Assignment>
Reproduce each entry exactly.

*** Opening Dataset excerpts ***

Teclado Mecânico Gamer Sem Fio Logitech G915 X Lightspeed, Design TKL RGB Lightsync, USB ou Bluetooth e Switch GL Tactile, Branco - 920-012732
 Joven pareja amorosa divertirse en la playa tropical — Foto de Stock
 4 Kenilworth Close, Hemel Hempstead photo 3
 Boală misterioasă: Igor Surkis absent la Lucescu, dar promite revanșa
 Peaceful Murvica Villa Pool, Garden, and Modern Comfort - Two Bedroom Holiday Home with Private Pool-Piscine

*** Closing Dataset excerpts ***

Task answer>
Teclado Mecânico Gamer Sem Fio Logitech G915 X Lightspeed, Design TKL RGB Lightsync, USB ou Bluetooth e Switch GL Tactile, Branco - 920-012732
 Joven pareja amorosa divertirse en la playa tropical — Foto de Stock
 4 Kenilworth Close, Hemel Hempstead photo 3
 Boală misterioasă: Igor Surkis absent la Lucescu, dar promite revanșa
 Peaceful Murvica Villa Pool, Garden, and Modern Comfort - Two Bedroom Holiday Home with Private Pool-Piscine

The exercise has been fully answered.